O Papa filho de migrantes e o longo magistério da acolhida
Andrea Tornielli
No extenso discurso proferido em Marselha na conclusão dos Rencontres Méditerranéennes, o Papa Francisco, filho de migrantes, recordou que o fenômeno migratório não é uma novidade dos últimos anos, nem ele é o primeiro pontífice a tratar desse tema. A Igreja sente a crescente urgência desta situação há pelo menos setenta anos.
Corria o ano de 1952 e, sete anos após o fim da Segunda Guerra Mundial, a Europa ainda vivia o drama das pessoas deslocadas. Pio XII, na Constituição Apostólica Exsul Familia escrevia que «a Família de Nazaré no exílio, Jesus, Maria e José emigrantes no Egito […] são o modelo, o exemplo e o amparo de todos os emigrantes e peregrinos de todas as idades e de cada país, de todos os refugiados de qualquer condição que, pressionados pela perseguição ou pela necessidade, se vêem obrigados a abandonar a sua pátria, os seus familiares queridos, [...] e ir para uma terra estrangeira".

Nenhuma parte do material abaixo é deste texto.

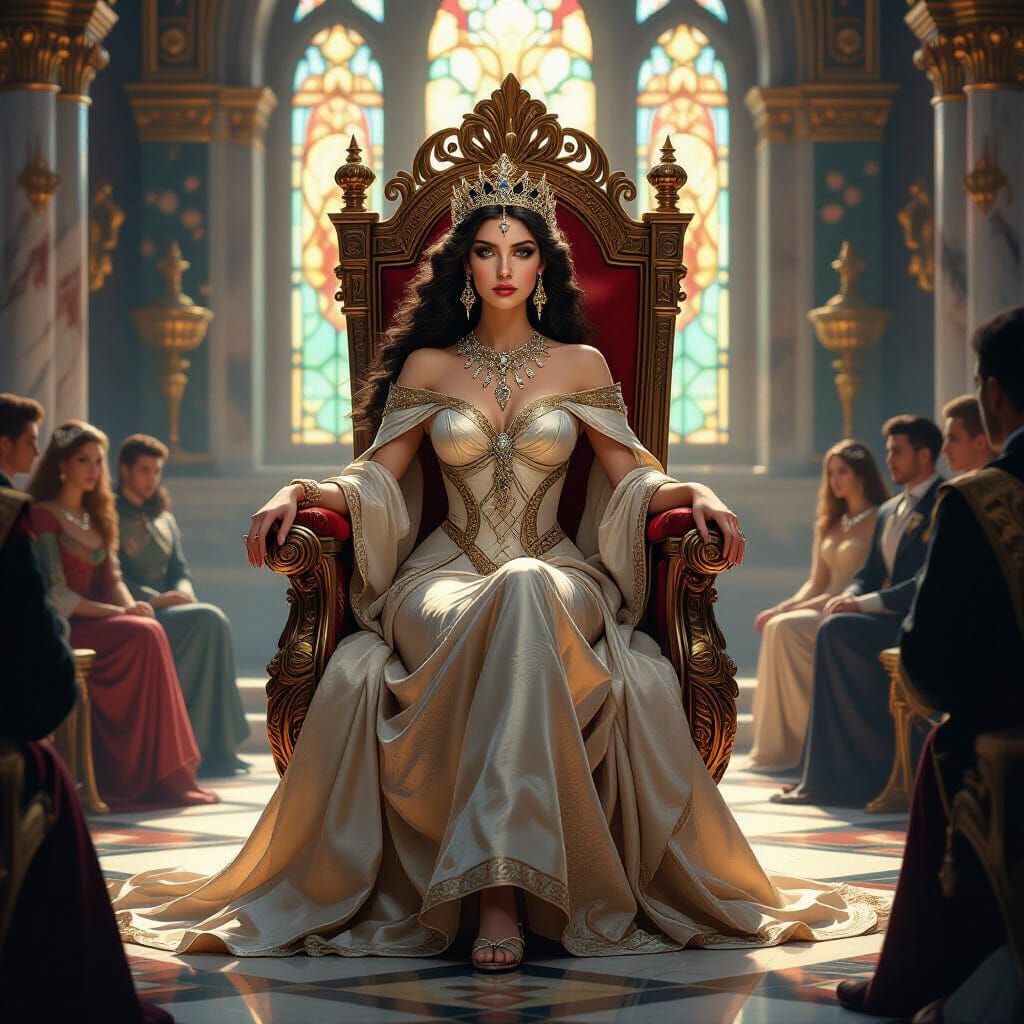 Majestic Queen in Opulent Throne Room, Art Nouveau Style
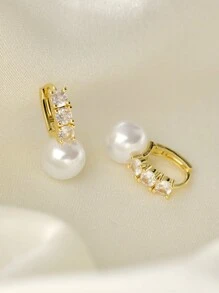 2pcs Silver Plated Pearl Earrings Women Fashion Zirconia Hoop Earrings Bridal Wedding Party Jewelry Gift For Girlfriend Wife BBF Valentine's Day Gift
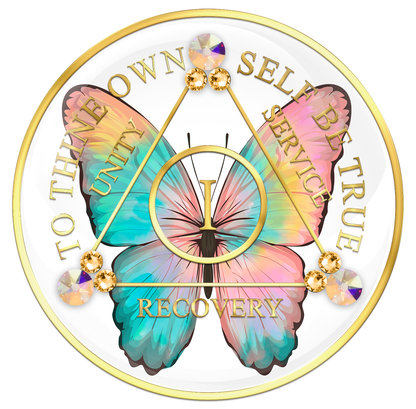 AA custom medallion coin 1 year butterfly design with gold crystals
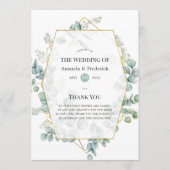 Waterverf Eucalyptus Geometric Wedding Programmakaart (Voorkant)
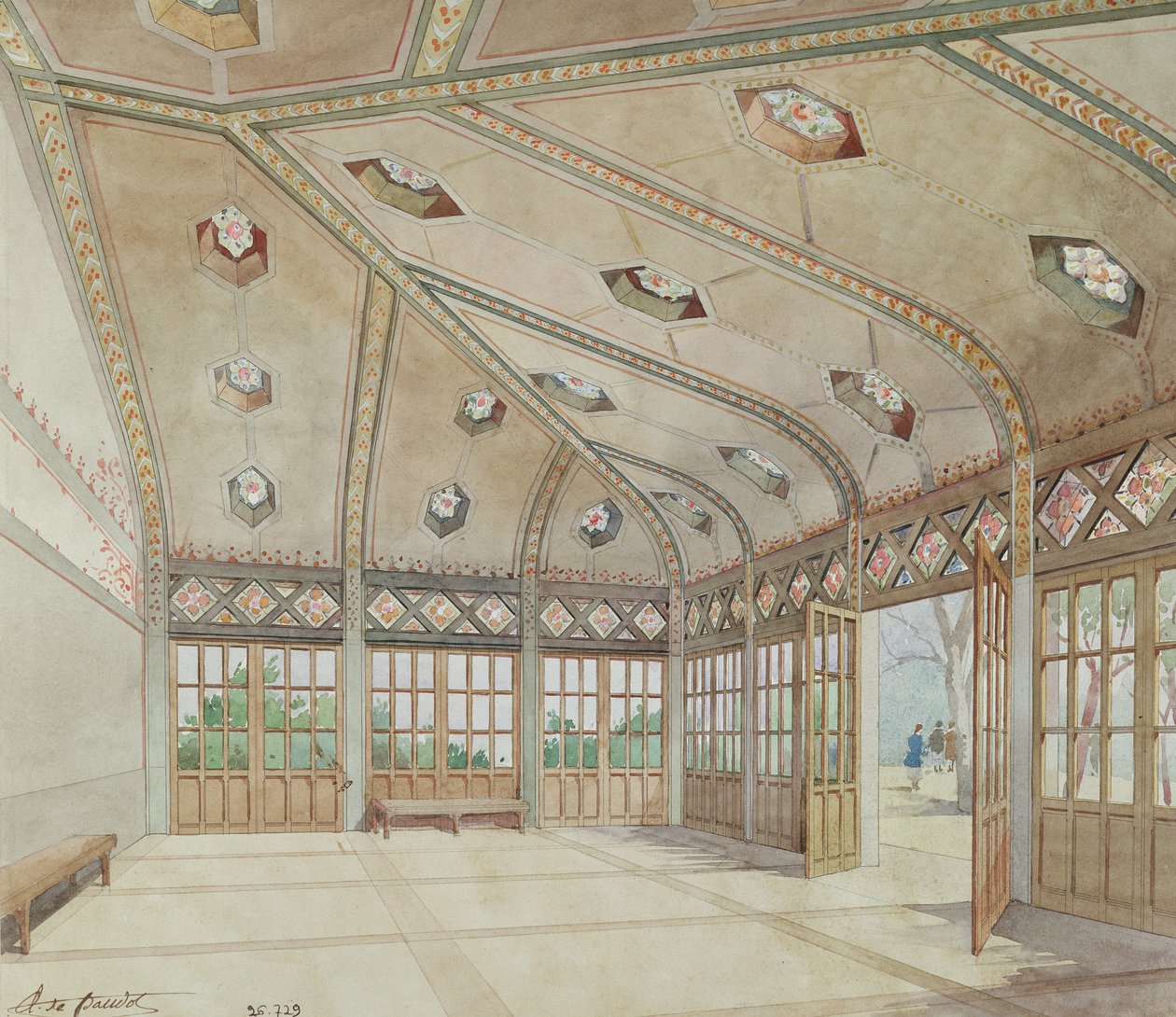 Lycée Victor Hugo, Paris, 1894 (wc på papper) av Anatole de Baudot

Guerras, perseguições ou a necessidade de melhorar a própria condição são as razões das migrações, às quais hoje se somam cada vez mais os problemas ligados às mudanças climáticas. Em 1967, com a grande encíclica Populorum Progressio, foi Paulo VI quem recordou que os povos da fome interpelam dramaticamente os povos da opulência, enumerando três deveres para as nações mais desenvolvidas: o dever da solidariedade, o da justiça social e o da caridade universal. O Papa Montini havia reiterado então o “dever de acolhimento”, sobre o qual, escreveu, “nunca insistiremos o suficiente”.
Além dos dois exemplos citados por Francisco, muitos outros a este respeito poderiam ser dados. Por exemplo, as palavras de João Paulo II, que na Mensagem para o Dia Mundial da Emigração de 1996 escreveu: «O primeiro modo de ajudar estas pessoas é escutá-las, para conhecer a sua situação e assegurar, qualquer que seja a sua posição jurídica perante o ordenamento do Estado, os meios de subsistência necessários». E acrescentou que «é necessário vigiar contra o insurgir de formas de neo-racismo ou de comportamento xenófobo, que procuram fazer destes nossos irmãos bodes expiatórios de eventuais e difíceis situações locais».
Ou ainda Bento XVI, que na observou como «hoje vemos que muitas migrações são consequência da precariedade económica, da carência dos bens essenciais, de calamidades naturais, de guerras e desordens sociais. Então emigrar, em vez de uma peregrinação animada pela confiança, pela fé e a esperança, torna-se um «calvário» de sobrevivência, onde homens e mulheres resultam mais vítimas do que autores e responsáveis das suas vicissitudes de migrante».
Certamente, também em Marselha, como repetiu várias vezes durante os primeiros dez anos do seu pontificado, Francisco citou as dificuldades em acolher, proteger, promover e integrar pessoas não esperadas. Recordou a responsabilidade comum de toda a Europa e a necessidade de garantir “um grande número de entradas legais e regulares, sustentáveis graças a um acolhimento justo” no continente europeu. Mas também reiterou que o critério principal deve ser sempre o da salvaguarda da dignidade humana e não o da manutenção do bem-estar. Porque, como deveríamos ter aprendido com a experiência recente da pandemia, só podemos ser salvos juntos, nunca sozinhos.